What needs to be done:
The lines to reproduce from the material below are those from the one containing "Health. - Image 1" through the one containing "Wicklow Dağları (İrlanda) manzarası", both included; write them out exactly and add nothing.

Listed records:
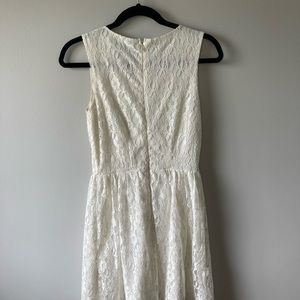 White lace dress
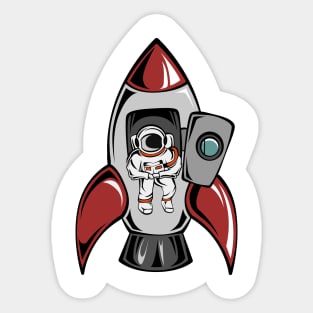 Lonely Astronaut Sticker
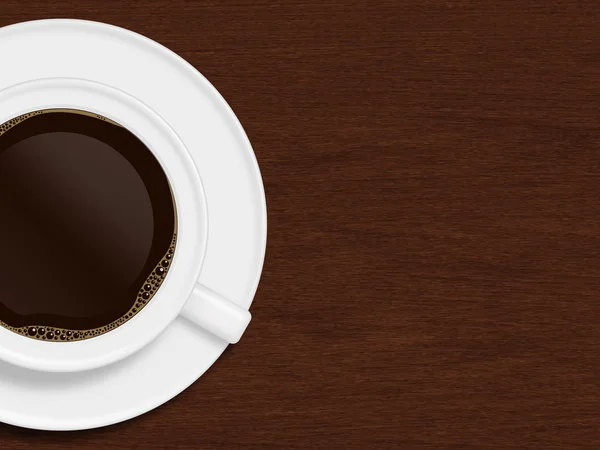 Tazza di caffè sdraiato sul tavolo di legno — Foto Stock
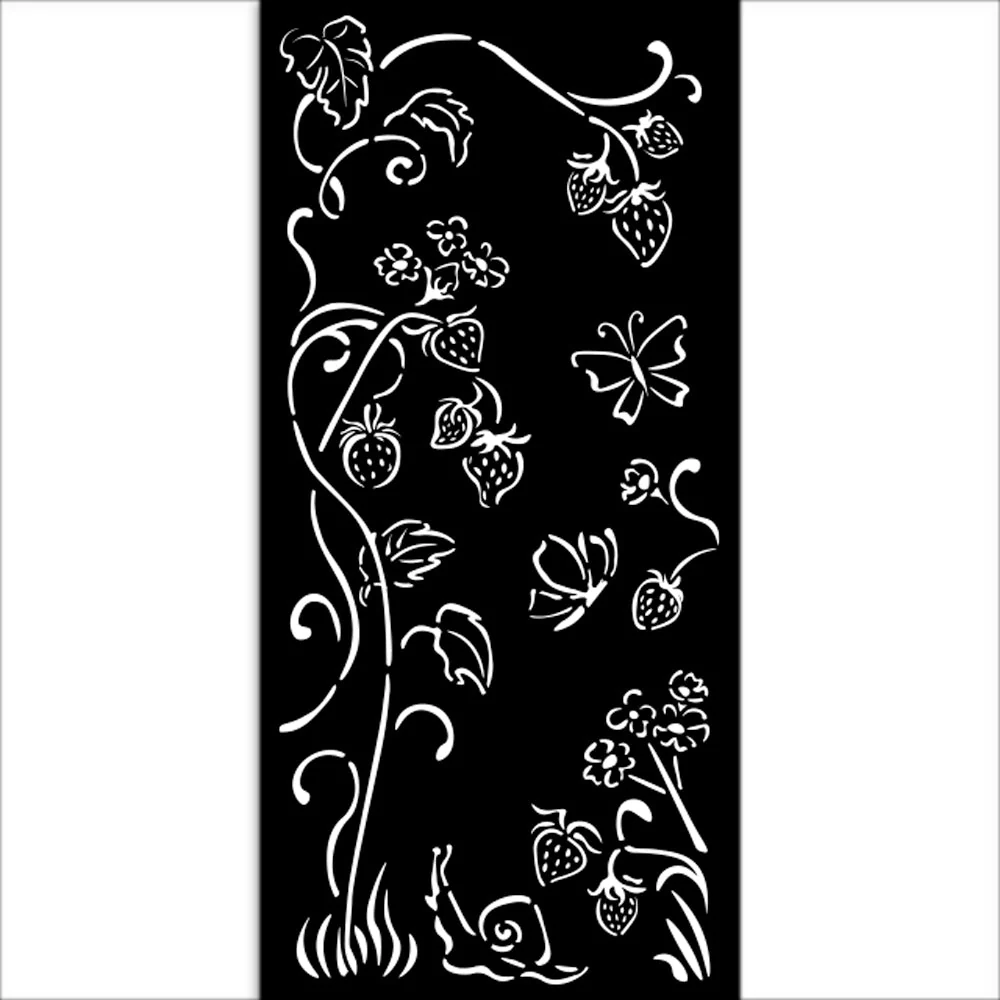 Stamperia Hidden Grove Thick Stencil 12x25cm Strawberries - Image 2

==

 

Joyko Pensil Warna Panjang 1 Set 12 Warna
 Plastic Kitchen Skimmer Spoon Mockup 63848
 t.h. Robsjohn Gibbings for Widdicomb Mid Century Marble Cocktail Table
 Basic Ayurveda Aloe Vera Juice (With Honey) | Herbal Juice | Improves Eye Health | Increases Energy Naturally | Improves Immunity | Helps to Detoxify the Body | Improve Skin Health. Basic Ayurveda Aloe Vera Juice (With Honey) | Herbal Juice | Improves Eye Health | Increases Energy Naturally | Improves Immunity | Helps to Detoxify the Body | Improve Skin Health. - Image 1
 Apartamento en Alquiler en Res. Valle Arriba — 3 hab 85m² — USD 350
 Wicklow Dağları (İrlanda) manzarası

Response below:
 Basic Ayurveda Aloe Vera Juice (With Honey) | Herbal Juice | Improves Eye Health | Increases Energy Naturally | Improves Immunity | Helps to Detoxify the Body | Improve Skin Health. Basic Ayurveda Aloe Vera Juice (With Honey) | Herbal Juice | Improves Eye Health | Increases Energy Naturally | Improves Immunity | Helps to Detoxify the Body | Improve Skin Health. - Image 1
 Apartamento en Alquiler en Res. Valle Arriba — 3 hab 85m² — USD 350
 Wicklow Dağları (İrlanda) manzarası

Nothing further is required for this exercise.